Artificial intelligence (AI) will have profound impacts on society, changing the way we do business and the world in which we live. According to Deloitte, worldwide AI spending is estimated to reach US$78 billion by 2022 – creating worldwide business value of US$3.9 trillion.

As a result, the global race is on and at a breakneck pace. To date, 23 countries have created national AI programs, each with its own special focus but all sharing the expectation of full impact across most social, political and industrial organizations. Japan’s program has a social industrialization roadmap. Germany speaks of “Industry 4.0.” China expresses an ambitious plan to lead the world. Among all, Canada was the first to release an AI strategy, building on the global leadership of Canadian researchers in AI and machine learning.

The common theme of all these strategies: AI will redefine what is possible and create an opportunity to restructure society to be stronger, more resilient and sustainable.
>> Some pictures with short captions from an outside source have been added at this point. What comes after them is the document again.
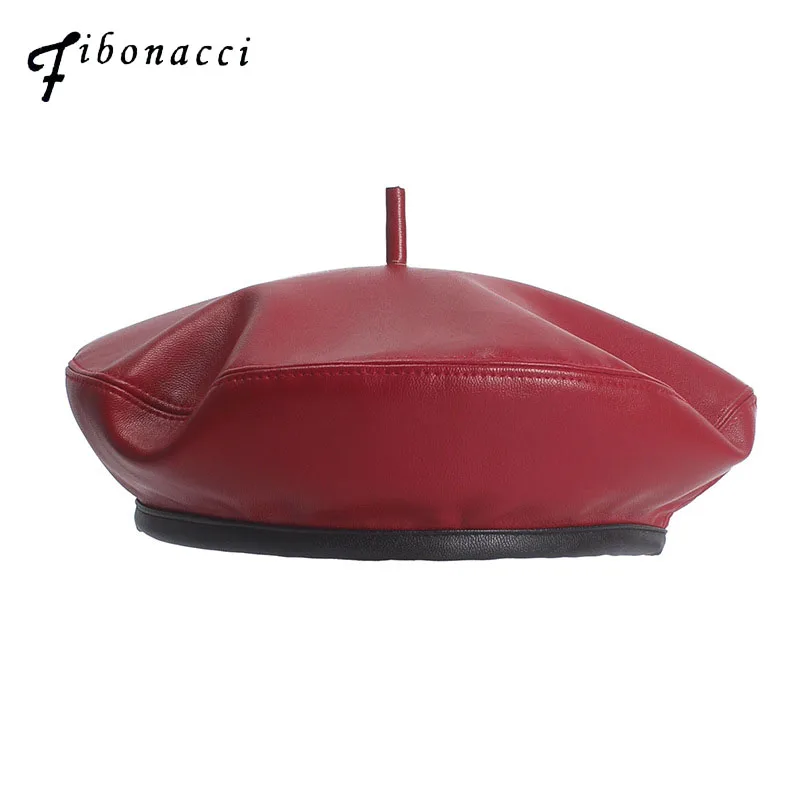 Женский берет Fibonacci для девушек французский художник Теплая Зимняя Шапка-бини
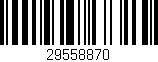 Código de barras (EAN, GTIN, SKU, ISBN): '29558870'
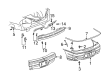 Pontiac Grand Am Bumper Cover Diagram - 12335582
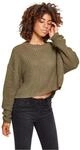 Urban Classics Damen Ladies Wide Oversize Sweater Sweatshirt,, per pack Gr&uuml;n (olive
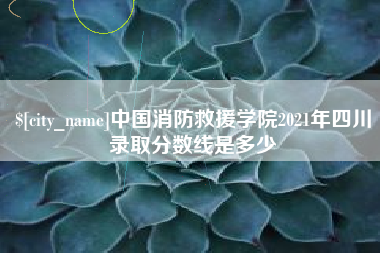锦州中国消防救援学院2021年四川录取分数线是多少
In 2017, the federal government invested $125 million to develop a pan-Canadian AI strategy to further build our capacity and expertise. The strategy focuses on three premier institutes – in Eastern Canada, the Montréal Institute for Learning Algorithms (Mila), the Vector Institute in Toronto, and in Edmonton, the Alberta Machine Intelligence Institute (Amii), connected to the University of Alberta.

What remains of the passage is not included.